Date: Sat, 17 Aug 2002 21:15:22 -0500
From: Oliver Xymoron <oxymoron@waste.org>
To: Linus Torvalds <torvalds@transmeta.com>,
       linux-kernel <linux-kernel@vger.kernel.org>
Subject: [PATCH] (0/4) Entropy accounting fixes
Message-ID: <20020818021522.GA21643@waste.org>
Mime-Version: 1.0
Content-Type: text/plain; charset=us-ascii
Content-Disposition: inline
User-Agent: Mutt/1.3.28i
Sender: linux-kernel-owner@vger.kernel.org
Content-Length: 8544
Lines: 221

I've done an analysis of entropy collection and accounting in current
Linux kernels and founds some major weaknesses and bugs. As entropy
accounting is only one part of the security of the random number
device, it's unlikely that these flaws are compromisable, nonetheless
it makes sense to fix them.

- Broken analysis of entropy distribution
- Spoofable delta model
- Interrupt timing independence
- Ignoring time scale of entropy sources
- Confusion of unpredictable and merely complex sources and trusting the
  latter
- Broken pool transfers
- Entropy pool can be overrun with untrusted data

Net effect: a typical box will claim to generate 2-5 _orders of magnitude_
more entropy than it actually does. 

Note that entropy accounting is mostly useful for things like the
generation of large public key pairs where the number of bits of
entropy in the key is comparable to the size of the PRNG's internal
state.

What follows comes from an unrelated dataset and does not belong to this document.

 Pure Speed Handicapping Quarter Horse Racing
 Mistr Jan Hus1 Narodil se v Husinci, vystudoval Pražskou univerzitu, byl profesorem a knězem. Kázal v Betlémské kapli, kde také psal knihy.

For most purposes, /dev/urandom is still more than strong
enough to make attacking a cipher directly more productive than
attacking the PRNG.

The following patches against 2.5.31 have been tested on x86, but
should compile elsewhere just fine.

I've tried to cover some of the issues in detail below:

Broken analysis of entropy distribution 
---------------------------------------

(I know the topic of entropy is rather poorly understood, so here's a couple
 useful pieces of background for kernel folks:

 Cryptanalytic Attacks on Pseudorandom Number Generators
 Kelsey, Schneier, Wagner, Hall
 www.counterpane.com/pseudorandom_number.pdf 

 Cryptographic Randomness from Air Turbulence in Disk Drives
 D. Davis, R. Ihaka, P.R. Fenstermacher
 http://world.std.com/~dtd/random/forward.ps)

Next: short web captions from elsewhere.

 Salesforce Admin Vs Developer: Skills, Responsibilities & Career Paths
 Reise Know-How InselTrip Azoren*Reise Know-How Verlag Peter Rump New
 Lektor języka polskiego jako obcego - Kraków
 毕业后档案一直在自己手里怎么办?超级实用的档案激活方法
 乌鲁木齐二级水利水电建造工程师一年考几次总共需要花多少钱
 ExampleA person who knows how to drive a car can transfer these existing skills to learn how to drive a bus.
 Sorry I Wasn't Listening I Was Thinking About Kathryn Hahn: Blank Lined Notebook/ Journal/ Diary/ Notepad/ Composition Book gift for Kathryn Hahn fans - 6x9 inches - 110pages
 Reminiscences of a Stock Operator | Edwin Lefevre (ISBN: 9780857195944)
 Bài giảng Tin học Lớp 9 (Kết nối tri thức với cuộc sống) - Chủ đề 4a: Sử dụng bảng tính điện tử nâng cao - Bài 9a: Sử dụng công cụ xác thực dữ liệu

Mathematically defining entropy

 For a probability distribution P of samples K, the entropy is:

  E = sum (-P(K) * log2 P(K))

 For a uniform distribution of n bits of data, the entropy is
 n. Anything other than a uniform distribution has less than n bits of
 entropy.

Non-Uniform Distribution Of Timing

 Unfortunately, our sample source is far from uniform. For starters, each
 interrupt has a finite time associated with it - the interrupt latency.
 Back to back interrupts will result in samples that are periodically
 spaced by a fixed interval.

 A priori, we might expect a typical interrupt to be a Poisson
 process, resulting in a gamma-like distribution. It would also have
 zero probability up to some minimum latency, have a peak at minimum
 latency representing the likelihood of back-to-back interrupts, a
 smooth hump around the average interrupt rate, and an infinite tail.

 Not surprisingly, this distribution has less entropy in it than a
 uniform distribution would. Linux takes the approach of assuming the
 distribution is "scale invariant" (which is true for exponential
 distributions and approximately true for the tails of gamma
 distributions) and that the amount of entropy in a sample is in
 relation to the number of bits in a given interrupt delta. 

 Assuming the interrupt actually has a nice gamma-like distribution
 (which is unlikely in practice), then this is indeed true. The
 trouble is that Linux assumes that if a delta is 13 bits, it contains
 12 bits of actual entropy. A moment of thought will reveal that
 binary numbers of the form 1xxxx can contain at most 4 bits of
 entropy - it's a tautology that all binary numbers start with 1 when
 you take off the leading zeros. This is actually a degenerate case of
 Benford's Law (http://mathworld.wolfram.com/BenfordsLaw.html), which
 governs the distribution of leading digits in scale invariant
 distributions.

 What we're concerned with is the entropy contained in digits
 following the leading 1, which we can derive with a simple extension
 of Benford's Law (and some Python):

    def entropy(l):
	s=0
	for pk in l:
	    if pk: s=s+(-pk*log2(pk))
	return s

    def benford(digit, place=0, base=10):
	if not place:
	    s=log(1+1.0/digit)
	else:
	    s=0
	    for k in range(base**(place-1), (base**place)):
		s=s+log(1+1.0/(k*base+digit))
		print k,s

	return s/log(base)

    for b in range(3,16):
	l=[]
	for k in range(1,(2**(b-1))-1):
	    l.append(benford(k,0,2**(b-1)))
	print "%2d %6f" % (b, entropy(l))

 Which gives us:
 
     3 1.018740
     4 2.314716
     5 3.354736
     6 4.238990
     7 5.032280
     8 5.769212
     9 6.468756
    10 7.141877
    11 7.795288
    12 8.433345
    13 9.059028
    14 9.674477
    15 10.281286
    
 As it turns out, our 13-bit number has at most 9 bits of entropy, and
 as we'll see in a bit, probably significantly less.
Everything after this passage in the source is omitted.